Assistive technology has witnessed significant evolution in recent decades, particularly with the advancement of artificial intelligence and multimodal machine learning. Among these, Vision-Language Models (VLMs) have emerged as promising tools that combine visual and linguistic understanding to facilitate human-computer interaction.
With over 285 million visually impaired people globally—39 million of whom are blind—according to the World Health Organization, there is a pressing need for inclusive solutions that enable equitable participation in society.
Figure 1: Architecture of CogVLM and Vision-Language Models
VLMs have demonstrated potential in enhancing accessibility by enabling machines to interpret visual input and respond in natural language. Liu et al. [2] introduced BLIP-2, a pre-trained vision-language model that enables efficient multimodal understanding by combining frozen vision encoders with large language models (LLMs).
CogVLM [3], an advanced model incorporating trainable visual experts and enhanced attention mechanisms, improved contextual alignment between visual features and language generation.
The YOLO (You Only Look Once) framework, particularly its latest iteration YOLOv8, has become a cornerstone of real-time object detection. Studies [8] confirm YOLOv8's high performance in speed and accuracy.
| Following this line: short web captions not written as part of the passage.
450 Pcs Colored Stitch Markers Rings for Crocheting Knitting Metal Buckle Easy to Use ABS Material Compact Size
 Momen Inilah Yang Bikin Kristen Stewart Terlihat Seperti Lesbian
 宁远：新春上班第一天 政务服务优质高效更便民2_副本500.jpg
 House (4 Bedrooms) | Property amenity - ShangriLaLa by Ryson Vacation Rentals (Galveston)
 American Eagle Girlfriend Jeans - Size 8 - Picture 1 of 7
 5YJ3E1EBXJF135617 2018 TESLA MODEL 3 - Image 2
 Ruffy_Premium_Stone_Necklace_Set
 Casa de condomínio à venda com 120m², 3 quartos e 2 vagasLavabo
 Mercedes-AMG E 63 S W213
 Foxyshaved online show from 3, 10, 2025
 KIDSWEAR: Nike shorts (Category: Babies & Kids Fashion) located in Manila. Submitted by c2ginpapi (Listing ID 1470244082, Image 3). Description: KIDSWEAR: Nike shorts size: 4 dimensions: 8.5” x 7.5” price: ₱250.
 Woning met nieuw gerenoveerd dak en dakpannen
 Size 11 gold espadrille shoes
This project is guided by the hypothesis that a hybrid system combining task-specific computer vision models (YOLOv8, EasyOCR) with general-purpose Vision-Language Models (CogVLM, BLIP-2) can outperform standalone approaches in providing real-time, context-aware assistance for visually impaired individuals.
Can VLMs be effectively deployed in real-time systems for assistive purposes without compromising reliability?
What is the optimal architectural balance between general-purpose VLMs and specialized object detection models in assistive scenarios?
How can such systems be modularly designed to adapt to multiple tasks (e.g., navigation, ATM usage) without performance degradation?
Beyond Vision is a modular, multi-modal system that integrates real-time computer vision, OCR, and VLMs to assist visually impaired individuals with campus navigation and ATM usage.